Pythonを学び始めたとき、import
の挙動や from ... import *
の振る舞いなどに戸惑うことがありますよね。
この記事では、**Pythonにおける「シンボル表」と「スコープ」**に注目して、
特に import
によってどのように名前がスコープに登録されるのかをわかりやすく解説します。
シンボル表(symbol table)とは?
Pythonでは、変数や関数、クラスなど「名前」と「中身(オブジェクト)」の対応関係を管理しています。
この管理情報を シンボル表(symbol table) と呼びます。
簡単に言えば、「この名前はどこで何を意味するのか?」を覚えておくメモ帳のようなものです。
スコープとシンボル表の関係
Pythonには「スコープ(有効範囲)」があり、スコープごとに独立したシンボル表が存在します。
-
ローカルスコープ(関数やクラスの中)
- 関数内で定義された変数や引数など
-
グローバルスコープ(モジュール全体)
- ファイル全体で使える関数や変数など
-
組み込みスコープ
-
print()
やlen()
のような標準関数たち
-
モジュールの import とシンボル表への登録
Pythonでモジュールを読み込む方法にはいくつかありますが、それぞれ 現在のシンボル表にどう影響するか を理解しておくことが大切です。
import モジュール名
の場合
import fibo
-
fibo
という モジュール名のみが現在のシンボル表に登録されます -
fibo.py
内で定義された関数や変数は、fibo.fib()
のように モジュールを通してアクセスします
fibo.fib(10) # ✅ OK
fib(10) # ❌ NG: fib は現在のスコープに存在しない
from モジュール名 import *
の場合
from fibo import *
-
fibo.py
内で定義された関数や変数が、現在のシンボル表に直接登録されます -
fib()
のように モジュール名なしでアクセス可能になります - ただし、アンダースコア(_)で始まる名前は登録されません
# fibo.py
def fib(n):
...
def _hidden():
...
# main.py
from fibo import *
fib(10) # ✅ OK
_hidden() # ❌ NG: _hidden は取り込まれていない
import
と from ... import *
の比較表
文法 | シンボル表に登録される名前 | 特徴 |
---|---|---|
import fibo |
fibo のみ |
名前空間が汚れず安全。

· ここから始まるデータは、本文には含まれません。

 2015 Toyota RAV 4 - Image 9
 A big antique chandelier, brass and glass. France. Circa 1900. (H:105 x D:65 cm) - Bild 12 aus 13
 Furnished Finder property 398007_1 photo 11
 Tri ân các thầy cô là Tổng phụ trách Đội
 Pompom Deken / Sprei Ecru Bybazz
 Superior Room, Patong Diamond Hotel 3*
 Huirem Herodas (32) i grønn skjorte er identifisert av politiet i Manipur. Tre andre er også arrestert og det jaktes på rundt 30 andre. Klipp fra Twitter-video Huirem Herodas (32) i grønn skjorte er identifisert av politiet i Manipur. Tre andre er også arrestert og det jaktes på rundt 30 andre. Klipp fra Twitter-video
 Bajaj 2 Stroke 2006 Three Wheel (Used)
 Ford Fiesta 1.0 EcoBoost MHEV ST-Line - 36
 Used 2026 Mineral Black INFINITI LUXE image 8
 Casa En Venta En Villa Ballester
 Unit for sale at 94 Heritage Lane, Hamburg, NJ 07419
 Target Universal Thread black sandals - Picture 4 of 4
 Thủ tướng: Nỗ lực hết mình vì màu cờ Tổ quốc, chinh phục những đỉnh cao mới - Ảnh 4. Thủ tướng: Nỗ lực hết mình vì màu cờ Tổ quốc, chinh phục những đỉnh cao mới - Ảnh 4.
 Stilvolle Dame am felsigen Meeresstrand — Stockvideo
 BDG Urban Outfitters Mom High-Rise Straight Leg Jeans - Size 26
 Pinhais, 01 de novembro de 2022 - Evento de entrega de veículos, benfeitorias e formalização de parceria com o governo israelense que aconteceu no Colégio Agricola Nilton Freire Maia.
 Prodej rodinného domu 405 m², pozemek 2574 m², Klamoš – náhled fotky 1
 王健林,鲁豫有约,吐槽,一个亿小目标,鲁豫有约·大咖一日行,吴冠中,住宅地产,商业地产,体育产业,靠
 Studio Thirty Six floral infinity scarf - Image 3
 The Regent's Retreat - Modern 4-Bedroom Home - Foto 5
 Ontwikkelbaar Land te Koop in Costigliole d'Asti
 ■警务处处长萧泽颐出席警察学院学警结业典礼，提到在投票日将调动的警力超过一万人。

アクセスは fibo.xxx
|
from fibo import * |
fibo.py の公開名すべて(※_ で始まる名前は除く) |
名前が直接スコープに入る。衝突の危険あり。非推奨 |
補足:name と import の実行タイミング
ここまで「名前がどのようにスコープに入るか」に注目してきましたが、
Pythonでは import
に関する2つの仕様も知っておくとより理解が深まります。
__name__
変数の挙動
Pythonの各モジュールには、特別な変数 __name__
が自動で定義されています。
これは「そのファイルがどのように実行されたか」を示すものです。
実行方法 |
__name__ の値 |
---|---|
モジュールを直接実行 | "__main__" |
他のファイルから import
|
モジュール名(例:"fibo" ) |
# fibo.py
def fib(n):
return n
if __name__ == "__main__":
print(fib(10)) # 直接実行時だけ動作する
モジュールは最初の1回だけ実行される
import fibo
import fibo # 2回目は実行されない(キャッシュ)
- Pythonはモジュールを1度読み込むと、
sys.modules
にキャッシュします - 同じモジュールを再び import しても、再実行はされません
おわりに
- Pythonのシンボル表は、変数や関数などの「名前」と「意味(参照)」の対応を管理する仕組み
- スコープごとにシンボル表が分かれていて、
import
の方法によって登録される名前が変わる -
import モジュール名
ではモジュール名だけが入る -
from モジュール名 import *
では、公開されている名前(※_
から始まるものは除外)が直接入る -
__name__
や「モジュールは一度だけ実行される」という仕様も覚えておくと、理解がより深まる
この記事が、Pythonの名前の仕組みやimportの動作を理解する一助になれば幸いです!